Image Segmentation via Min Cut

By DHRUV JANI



Example GIF

Introduction

Graph cut algorithms are a class of optimization algorithms used in computer vision and image processing for tasks such as image segmentation and object detection.

By eliminating a small set of edges, these algorithms seek to divide a graph into two disjoint sets (often referred to as source and sink) by maximizing the capacity of the remaining edges or minimizing the overall weight of the deleted edges.

This project focuses on using graph cuts to divide an image into background and foreground segments. The framework consists of two parts. First, a network flow graph is built based on the input image. Then a max-flow algorithm is run on the graph in order to find the min-cut, which produces the optimal segmentation.

Network Flow

A network flow $G=(V,E)$ is a graph where each edge has a capacity and a flow. Two vertices in the network flow are designated to be the source vertex $s$ and the sink vertex $t$, respectively. The goal is to find the maximum amount of flow that could be delivered from $s$ to $t$, while satisfying the following constraints.
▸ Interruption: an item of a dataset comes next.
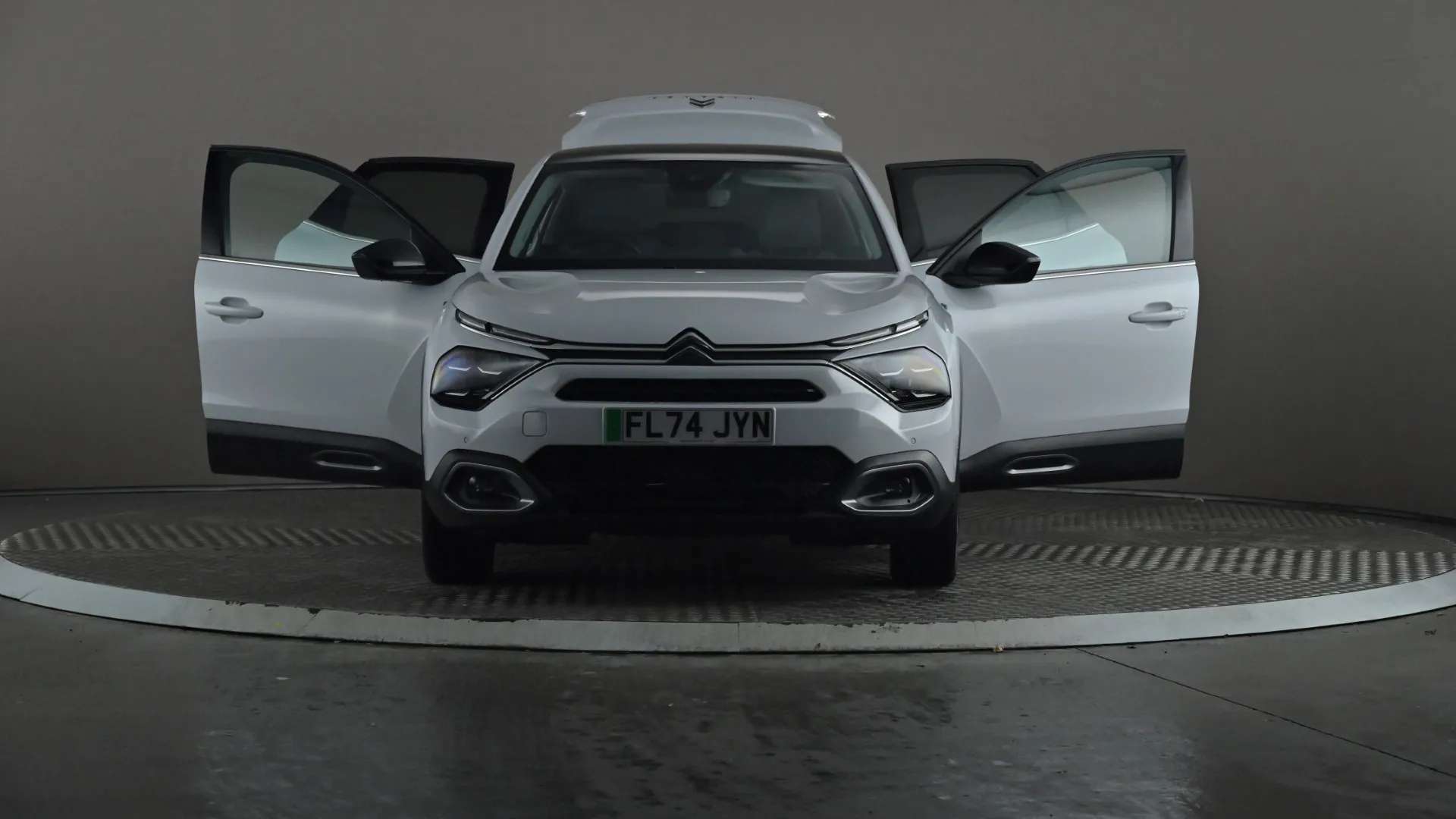 2024 CITROEN C4 X 2024 CITROEN C4 X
The flow of the network is the flow that can be sent through some path from $s$ to $t$, which, by conservation of flow, is equal to the inflow of $s$ or the outflow of $t$. An $s/t$ cut is a partitioning of the vertices into two disjoint subsets such that one contains $s$ and the other contains $t$. The value of an $s/t$ cut is the total flow of the edges passing through the cut.
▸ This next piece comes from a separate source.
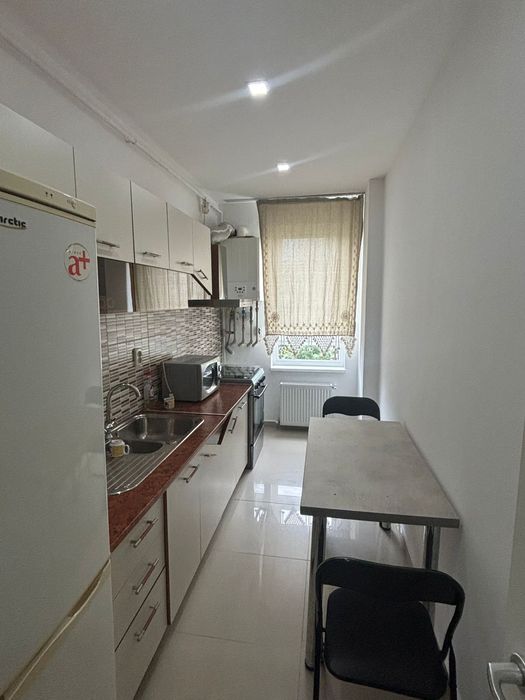 Garsoniere de inchiriat Militari Residence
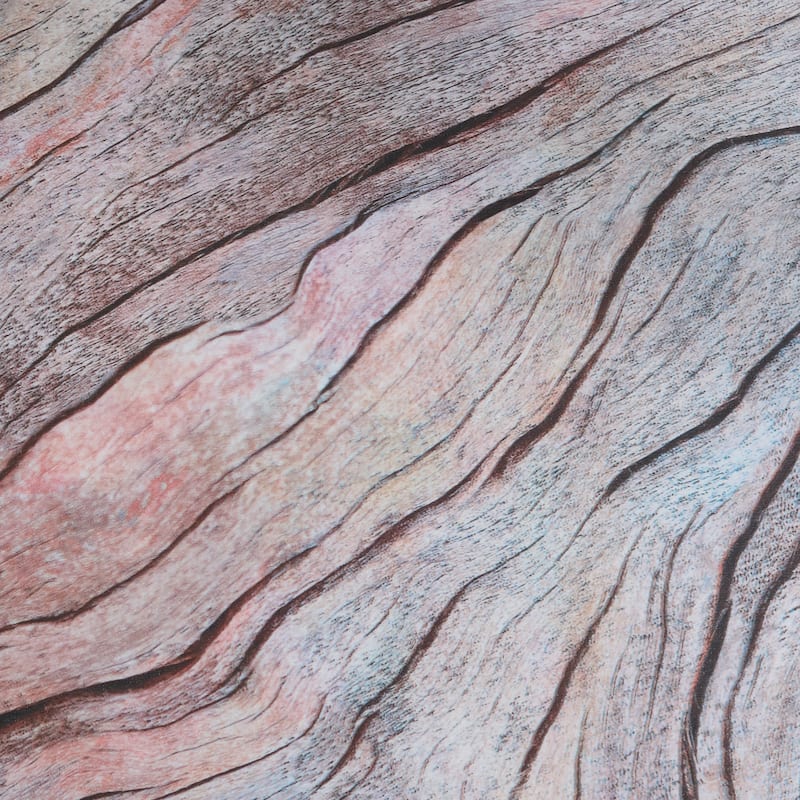 SAFAVIEH Vinyl Floor Myrtille Durable Floor Mat Rug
As stated by the max-flow min-cut theorem, the maximum amount of flow passing from the source to the sink is equivalent to the net flow of the edges in the minimum cut. So by solving the max-flow problem, we directly solve the min-cut problem as well. We will discuss algorithms for finding the max-flow or min-cut in a later section.

Image to Graph

One of the most challenging things about this project is how to transform an image into a graph. In Graph cuts and efficient N-D image segmentation by Boykov and Funka-Lea, the authors described in great detail how to define a graph based on an image. My implementation closely follows their idea of constructing the graph. For simplicity, we will use grayscale square images. Although the same idea could be easily extended to colored images with a suitable inter-pixel similarity measurement and also to rectangular images.

In this image-graph transformation scheme, a pixel in the image is a vertex in the graph labeled in row-major order. These vertices are called pixel vertices. In addition, there are two extra vertices that serve as the (invisible) source and the sink.
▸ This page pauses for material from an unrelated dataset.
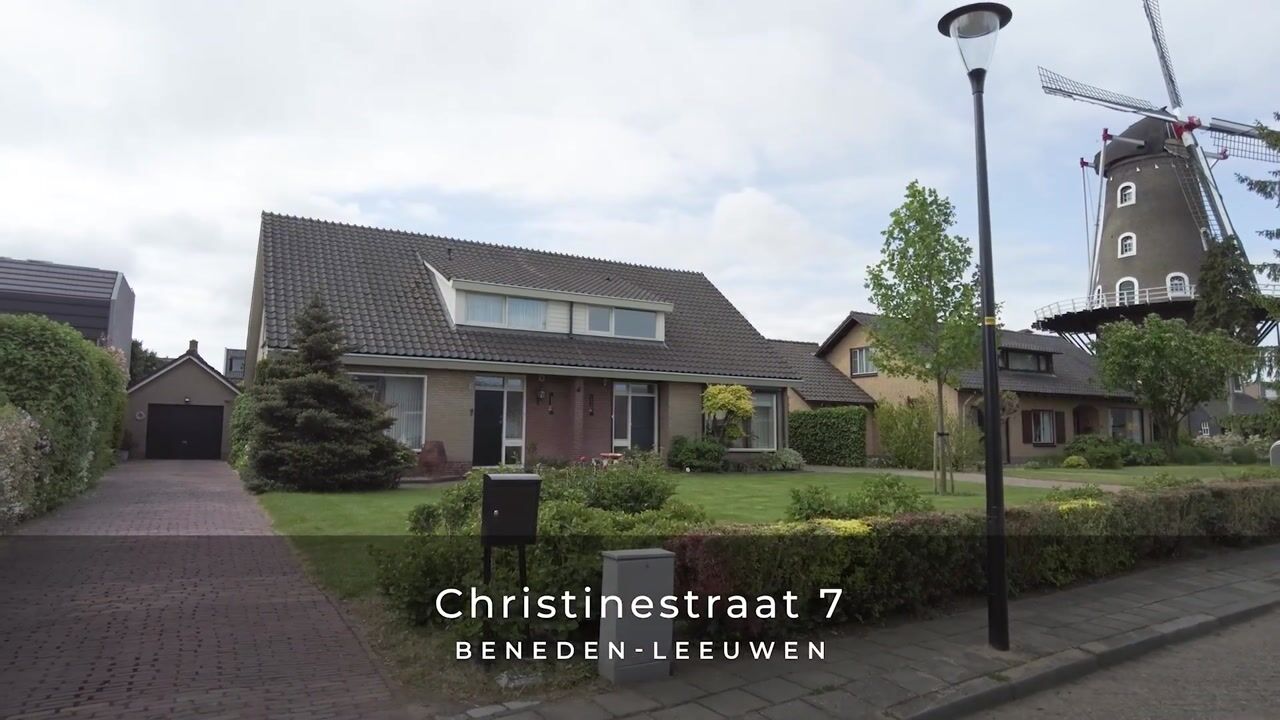 Video van Christinestraat 7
There are two types of edges in our graph. The first type is an $n$-link, which connects neighboring pixel vertices in a 4-neighboring system. The second type of edge is called a $t$-link. $t$-links connect the source or sink vertex with the pixel vertices.

The $n$-link edges must have weights carefully computed in order to reflect inter-pixel similarities. Concretely, we want the weight of an edge to be large when the two pixels are similar, and small when they are quite different. One idea is to compute the weight from a boundary penalty function that maps two pixel intensities to a positive integer. Let $I_p$ be the brightness, or intensity, of the pixel vertex $p$. For any edge $(p,q)\in E$, the boundary penalty $B(I_p, I_q)$ is defined as: $$ B(I_p, I_q) = 100\cdot \exp\Bigg(\frac{-(I_p-I_q)^2}{2\sigma ^2}\Bigg)$$.

This choice of $\sigma$ is determined from a series of trial and error. The penalty is high if $|I_p-I_q|<\sigma$, and is quite negligible if $|I_p-I_q|>\sigma$. From empirical results, we choose $\sigma=30$. Finally, the result is multiplied by 100 and cast to an integer. This is because network flow models require that the capacities be discrete rather than continuous.

To facilitate the model to make suitable $t$-links, the user is prompted to highlight at least one pixel vertex as a background pixel and at least one as a foreground pixel. These pixel vertices are called seeds. For every background seed, an edge is added from the source vertex to the background seed with capacity $\mathcal{K}$ defined as follows. $$ \mathcal {K} = \max(\{B(I_p, I_q)|(p, q)\in E\}) $$ In a similar fashion, edges to the sink vertex are added for every foreground seeds with capacity $\mathcal{K}$.

As these seeds share an edge with the source or sink vertices, they are hard-coded to be either the foreground or the background.

Image to Graph
An example network defined on a simple 3x3 image with a background seed and a foreground seed (Boykov and Funka-Lea, 2006).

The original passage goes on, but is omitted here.